## [WHAT THE EXERCISE ASKS]
Reproduce, exactly and in full, the lines from the one with "Plastic bottle lying on seashore" through the one with "Natori Green Orange" in the data below; drop pictures.

## [GIVEN INFORMATION]
Content starts

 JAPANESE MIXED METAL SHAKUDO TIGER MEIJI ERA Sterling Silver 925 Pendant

Content ends
Content starts

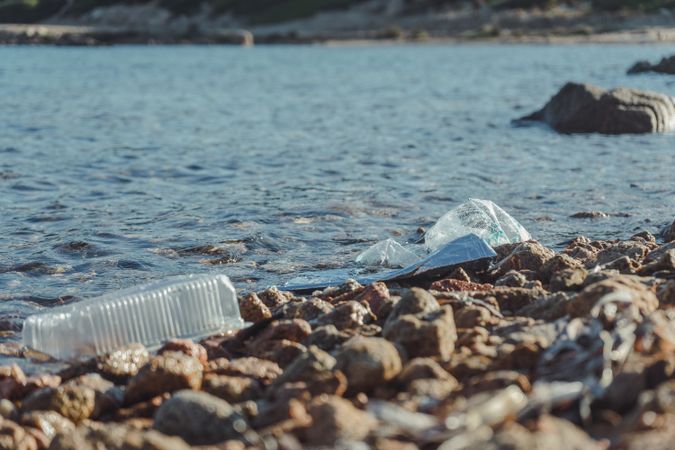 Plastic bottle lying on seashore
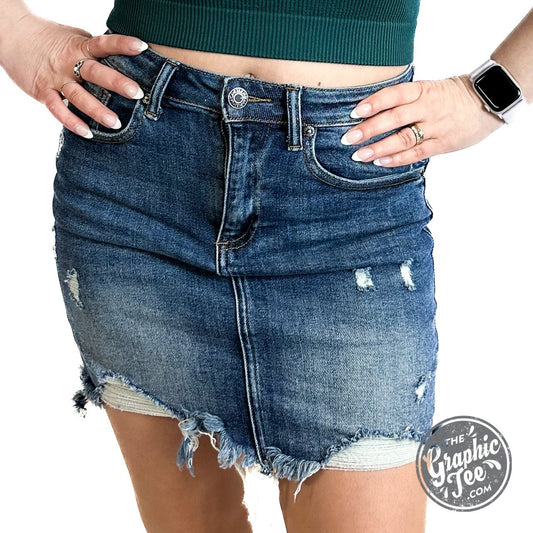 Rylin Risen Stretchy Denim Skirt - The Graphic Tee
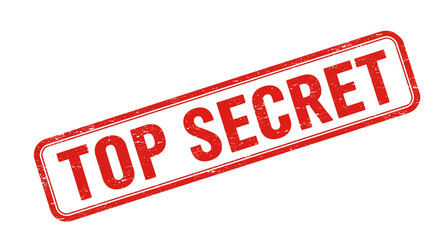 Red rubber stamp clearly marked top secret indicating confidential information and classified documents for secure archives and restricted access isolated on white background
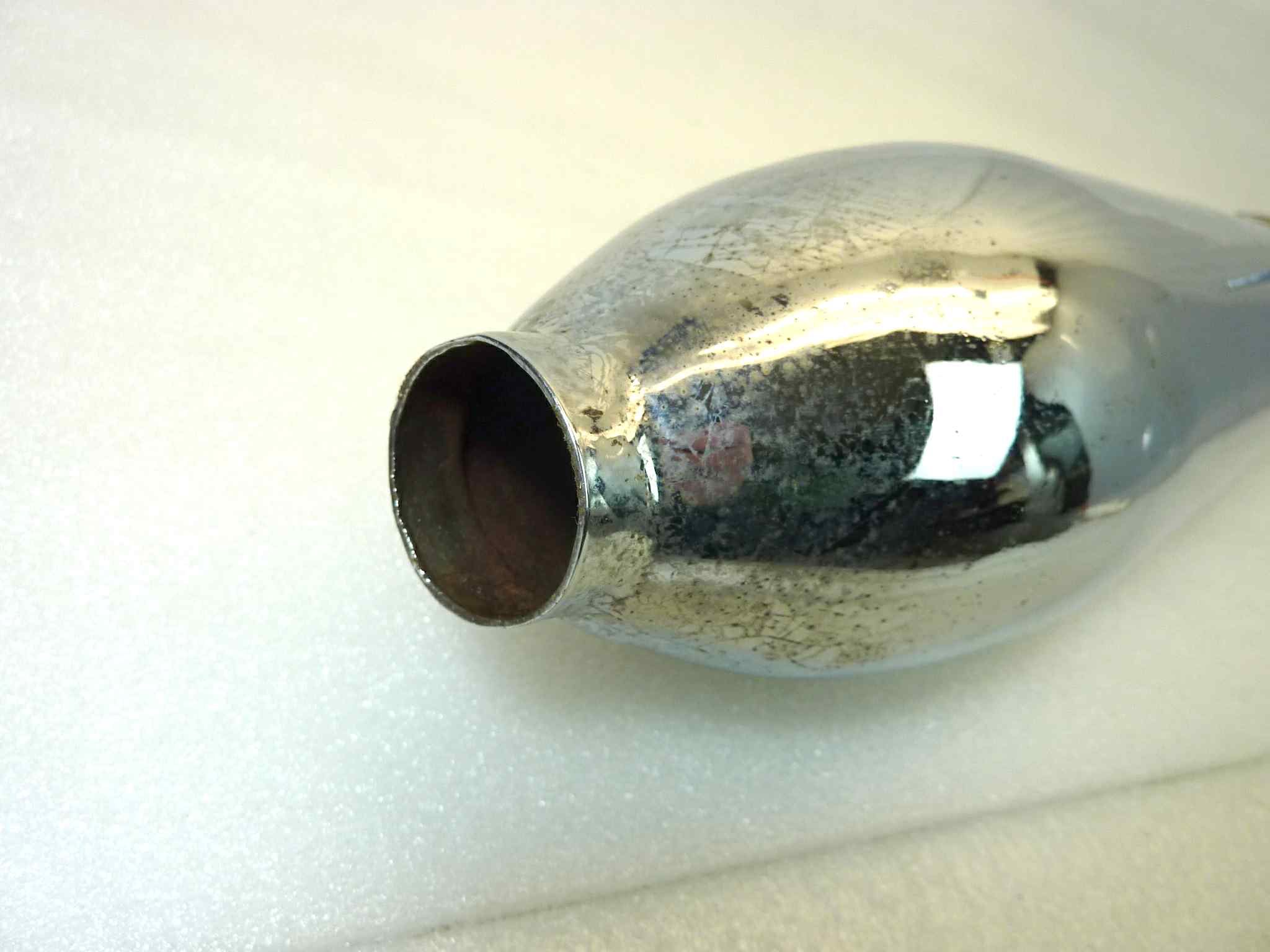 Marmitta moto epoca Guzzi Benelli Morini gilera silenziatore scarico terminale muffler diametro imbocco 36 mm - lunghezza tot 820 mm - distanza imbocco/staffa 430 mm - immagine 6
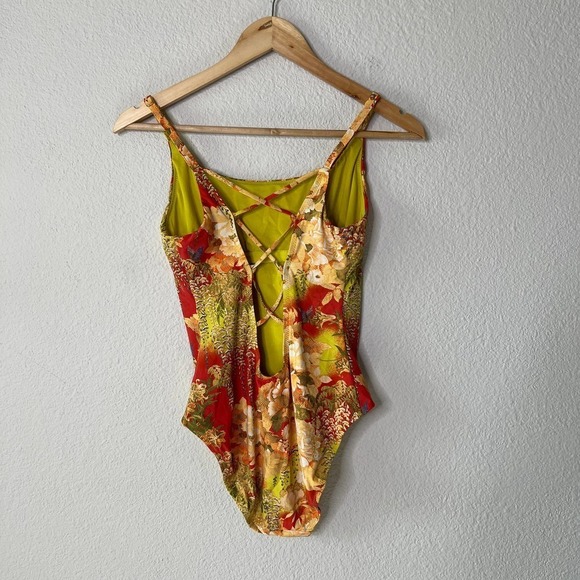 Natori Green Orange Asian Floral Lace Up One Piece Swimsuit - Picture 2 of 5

Content ends
Content starts

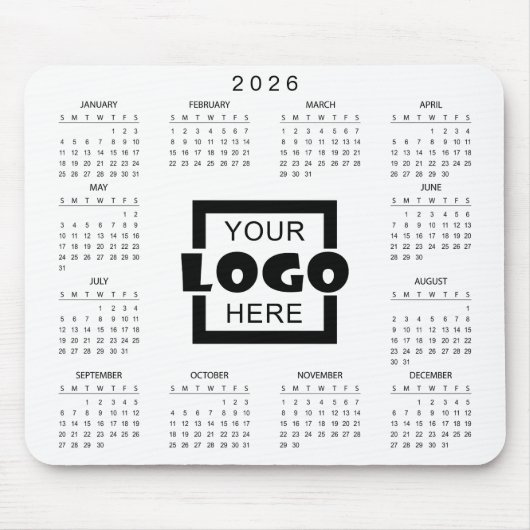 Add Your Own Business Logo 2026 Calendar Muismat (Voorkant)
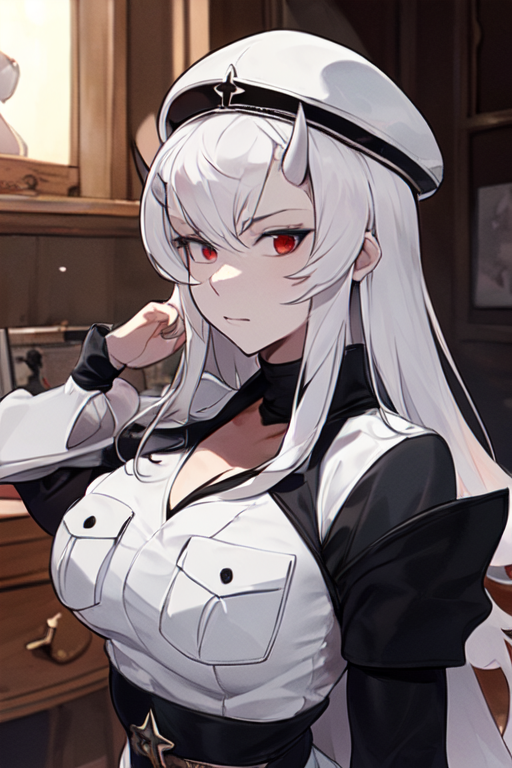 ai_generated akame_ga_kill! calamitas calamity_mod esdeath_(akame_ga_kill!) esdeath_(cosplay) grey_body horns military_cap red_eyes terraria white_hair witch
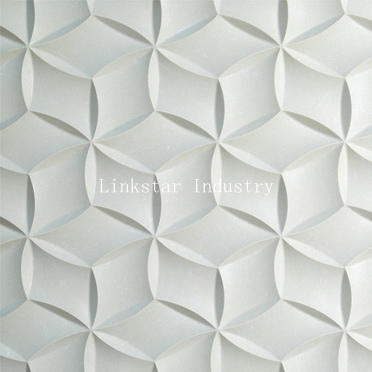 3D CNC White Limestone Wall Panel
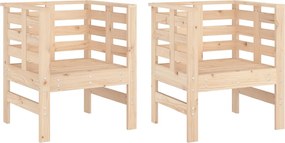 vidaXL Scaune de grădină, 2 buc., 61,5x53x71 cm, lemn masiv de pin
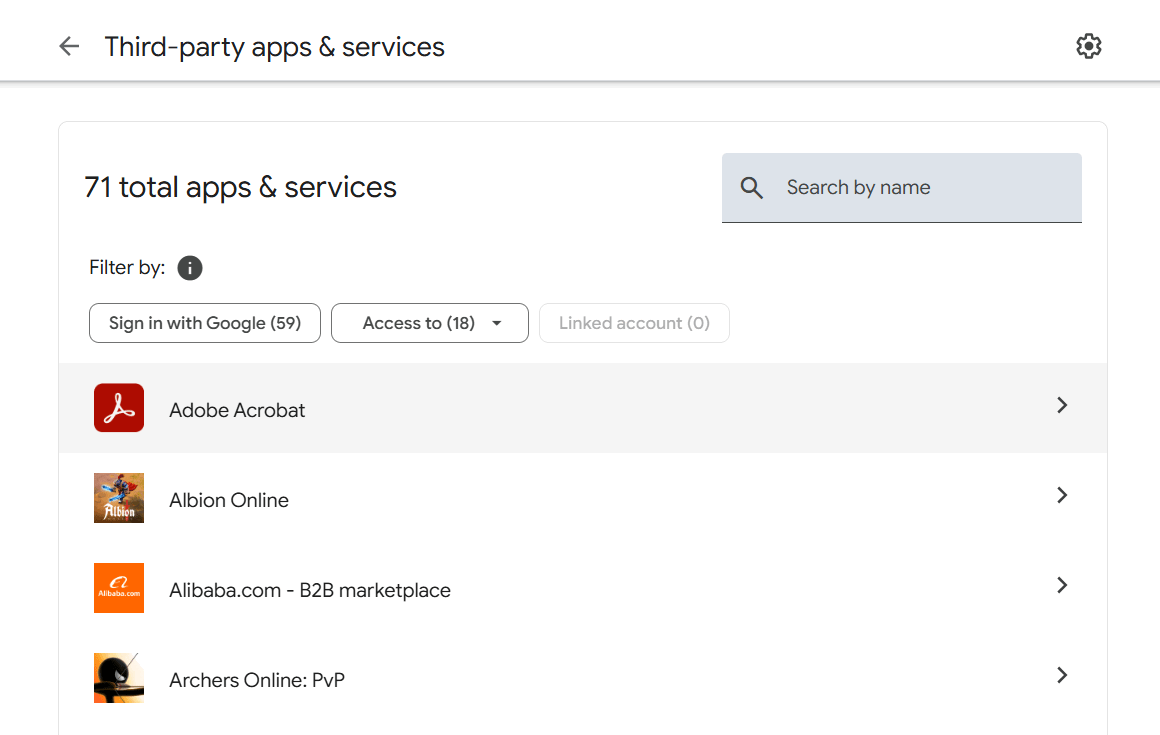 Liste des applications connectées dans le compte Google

Content ends

## [TASK ANSWER]
 Plastic bottle lying on seashore
 Rylin Risen Stretchy Denim Skirt - The Graphic Tee
 Red rubber stamp clearly marked top secret indicating confidential information and classified documents for secure archives and restricted access isolated on white background
 Marmitta moto epoca Guzzi Benelli Morini gilera silenziatore scarico terminale muffler diametro imbocco 36 mm - lunghezza tot 820 mm - distanza imbocco/staffa 430 mm - immagine 6
 Natori Green Orange Asian Floral Lace Up One Piece Swimsuit - Picture 2 of 5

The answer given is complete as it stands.